Many firms seek growth opportunities to either solidify already solid performance or to bolster sagging revenues. I offer the following insight into some of the primary motivations that would lead a firm to consider new opportunities, as well as some criteria that may be useful in evaluating opportunities on a macro scale.
Obviously, a big part of a firm’s motivation to develop new business opportunities lies in the area of growth. Firms are obligated to grow their business either in terms of increased overall sales, increased market share or increased profitability. The first researcher to articulate these motivations was Ansoff who proposed a two-by-two matrix, such as shown in Exhibit 1, in which opportunities were placed into growth vectors based upon a typology of products and markets.
Exhibit 1: A 2 x 2 Matrix of Opportunities
Ansoff postulated that each cell or growth vector could be addressed by some pointed questions.

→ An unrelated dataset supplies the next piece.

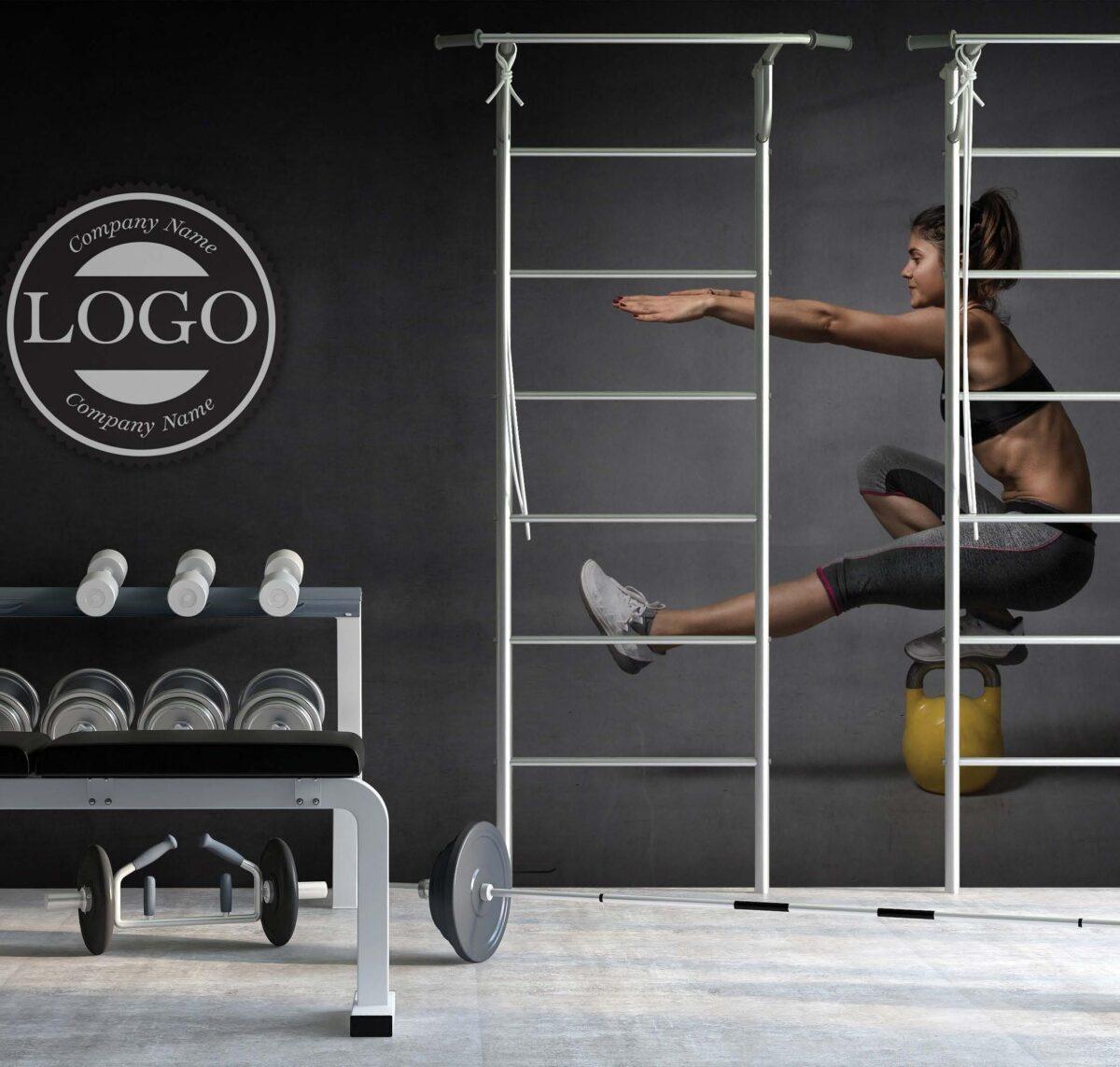 Fitness Center MURAL WALLPAPER, Available in Various Paper Texture, Code G115. 105 CM WIDE ROLL PANELS. - Image 2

The answers to these questions may well provide valuable insight into the formulation of strategic alternatives.
Market Penetration strategies answer the questions, “How can we get our existing customers to increase their volume (buy more products)?” or, “How can we get our existing customers to pay more for the products they are purchasing (increase profitability)?”
Product Development strategies answer the questions, “What else can I sell our current customers?” Firms adopting this strategy naturally consider line extensions of current products. A better strategy here might be to avoid products that will simply cannibalize or replace sales of existing products and, instead, provide incremental sales. Complementary products might well be the best way to provide incremental sales and, in addition, leverage current customer relationships.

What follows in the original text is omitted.